26 mar, 2021
A tragédia que atingiu o Norte de Moçambique começa a ter eco na imprensa internacional e nos “media” nacionais também, embora se possa dizer “só agora!” num conflito que eclodiu em 2017.
O facto de Portugal deter a presidência semestral da UE terá contribuído para que nesta altura, entre nós, se fale um pouco mais do que acontece em Cabo Delgado, no Norte de Moçambique.
Desde há quatro anos ocorrem ataques terroristas naquela região. Registam-se já, pelo menos, 2.700 mortos e quase 700 mil deslocados. A fome grassa em perto de um milhão de moçambicanos. Esta semana foi atacada a vila de Palma, próxima do projeto de gás natural de Cabo Delgado. A população teve fugir e abrigar-se na mata.

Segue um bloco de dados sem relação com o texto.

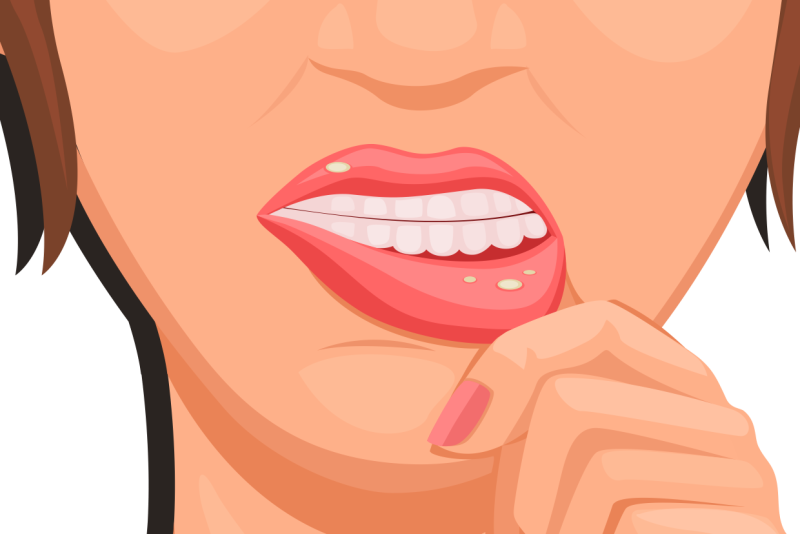 Imagem de Câncer Bucal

Os ataques, que se intensificaram no ano passado, são feitos por um grupo que diz pertencer ao chamado Estado Islâmico. São agressões bárbaras, incluindo o corte da cabeça de algumas vítimas. Grande parte dessas atrocidades chegaram ao conhecimento do mundo graças ao corajoso e incansável esforço de denúncia internacional do brasileiro D. Luís Lisboa, ex-bispo de Pemba, capital da província de Cabo Delgado.

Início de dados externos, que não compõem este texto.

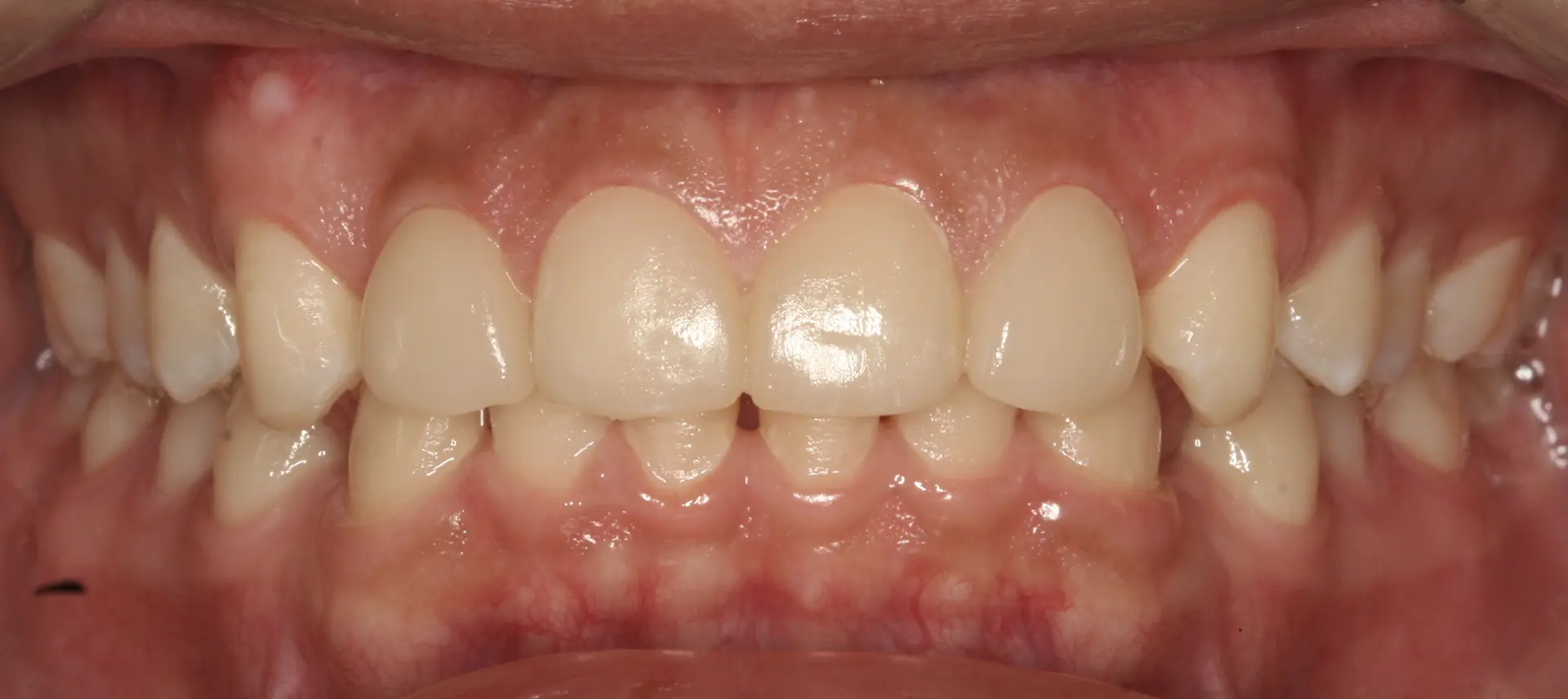 Veneers: tooth shape and front-tooth proportions at Lime Tree Dental Hospital. Lime Tree Dental Hospital — Veneers: tooth shape and front-tooth proportions. After treatment.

Pois, recentemente, D. Luís Lisboa foi transferido para uma diocese no Brasil, provavelmente porque estaria na iminência de ser assassinado e as autoridades não asseguravam a sua vida; também há quem julgue que ele foi afastado por pressão do governo, incomodado com o que o bispo dizia publicamente.
No norte de Moçambique está em curso um grande investimento na pesquisa de gás natural, envolvendo empresas petrolíferas de topo, como a americana Exxon-Mobil e a francesa Total. Trata-se de um empreendimento que poderá trazer algum alívio financeiro a Moçambique, que se encontra entre os dez países mais pobres do mundo.

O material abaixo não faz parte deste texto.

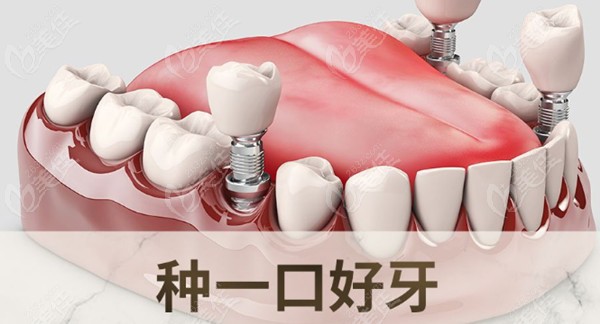 重庆牙卫士口腔医院种植牙优势236z.com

Mas os ataques do “jhadistas” já levaram algumas das empresas que investiram nesta operação a suspenderem a sua participação, enquanto não tiverem melhores condições de segurança. Ora o Estado moçambicano, e em particular a suas polícias e o seu exército, não parecem ter condições para garantir essa segurança.
Pior: a Amnistia Internacional acusa o exército e a polícia de Moçambique de atacarem residentes na província de Cabo Delgado e de estarem envolvidos em mortes extrajudiciais e em tortura. O facto de as autoridades moçambicanas afastarem de Cabo Delgado observadores independentes, como jornalistas, é um sinal preocupante.
Entretanto a hostilidade entre a Frelimo e a Renamo continua a suscitar alguns afrontamentos armados no centro de Moçambique. Não obstante várias tentativas de paz sólida, nunca o Estado daquele país teve soberania efetiva sobre todo o território nacional. Cabo Delgado é uma manifestação da fraqueza do Estado em Moçambique.
Claro que a UE e Portugal, bem como a França, a África do Sul, os EUA e outros países vão ajudar Moçambique, sobretudo treinando elementos da polícia e das Forças Armadas. Mas terão de ser os moçambicanos a ultrapassarem o essencial: a fraqueza do seu Estado.